Bats hang-out during the daytime (roost) in a variety of places. Some bats even make shelters out of large-leafed plants. Some tropical bats bite through certain parts of leaves (along the mid-vein) to make what biologists call tents. This causes the leaf to droop down on the sides and create a place to hang out near the middle. The problem with this is that by biting through veins in the leaf, the leaf is hurt and can die.

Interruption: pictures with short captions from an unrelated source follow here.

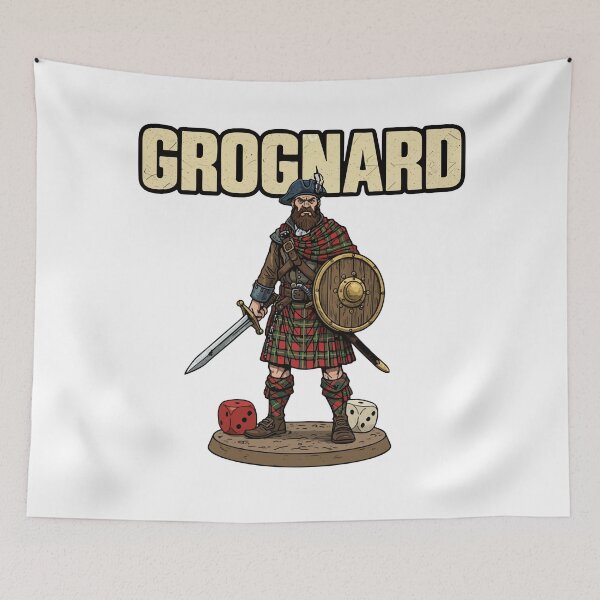 Item preview, Grognard designed and sold by sirglennbo.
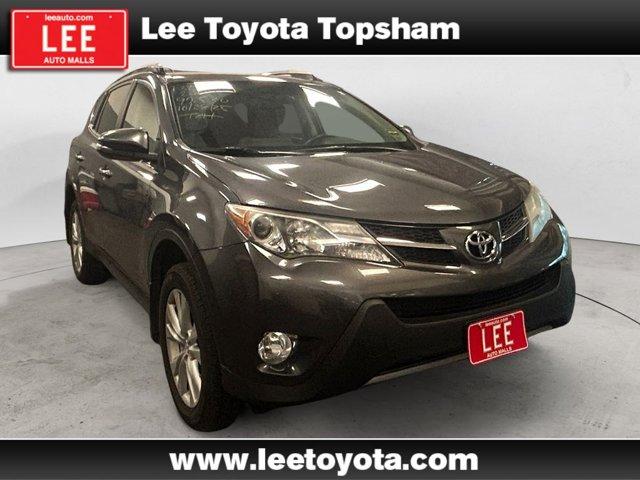 used 2015 Toyota RAV4 car, priced at $16,867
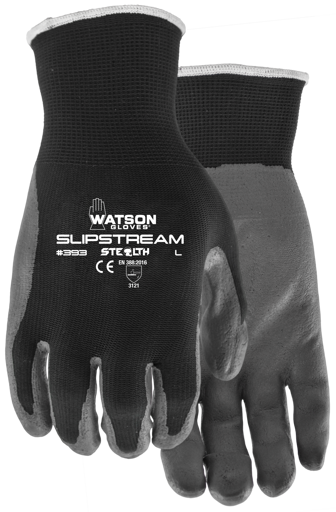 Watson Gloves _NOT_FOUND Stealth Slip Stream Gloves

The veins in a leaf transport water and food to other parts of the leaf. If too many veins or the wrong ones are cut then the leaf dies immediately, and the bats would have to create a new tent much sooner. A dead leaf does not make a good tent, because it could get broken off of the tree. Amazingly, some leaf-tents live for up to a year after they have been created. This is good for the bats because they don’t have to make as many tents during the year. This made scientists think that water and food was still being transported around in the leaf, and that bats knew what veins to cut off so that the leaf stayed alive.  
 
So scientists went to Costa Rica and looked at different leaves that bats made into tents by bats. They measured and labeled which veins bats chewed through and how long the leaf lived after the damage. Then they looked at how water moved through these damaged leaves by taking the leaf off the tree and placing its stem in a container with water. They added a colored dye to the water and watched where it went in the leaf’s veins. They also took leaves that were not damaged by bats and used the dye to see how water normally moves within the leaf (a comparison group). The scientists found out that the bats did change the flow of water through the leaves they damaged, but that the bats chose types of plants to make tents out of that were able to live for a long time after they created their tents.







Cholewa, Ewa, Maarten J. Vonhof, Sylvie Bouchard, Carol A. Peterson, and Brock Fenton. 2001. The pathways of water movement in leaves modified into tents by bats. Biological Journal of the Linnean Society 72: 179-191.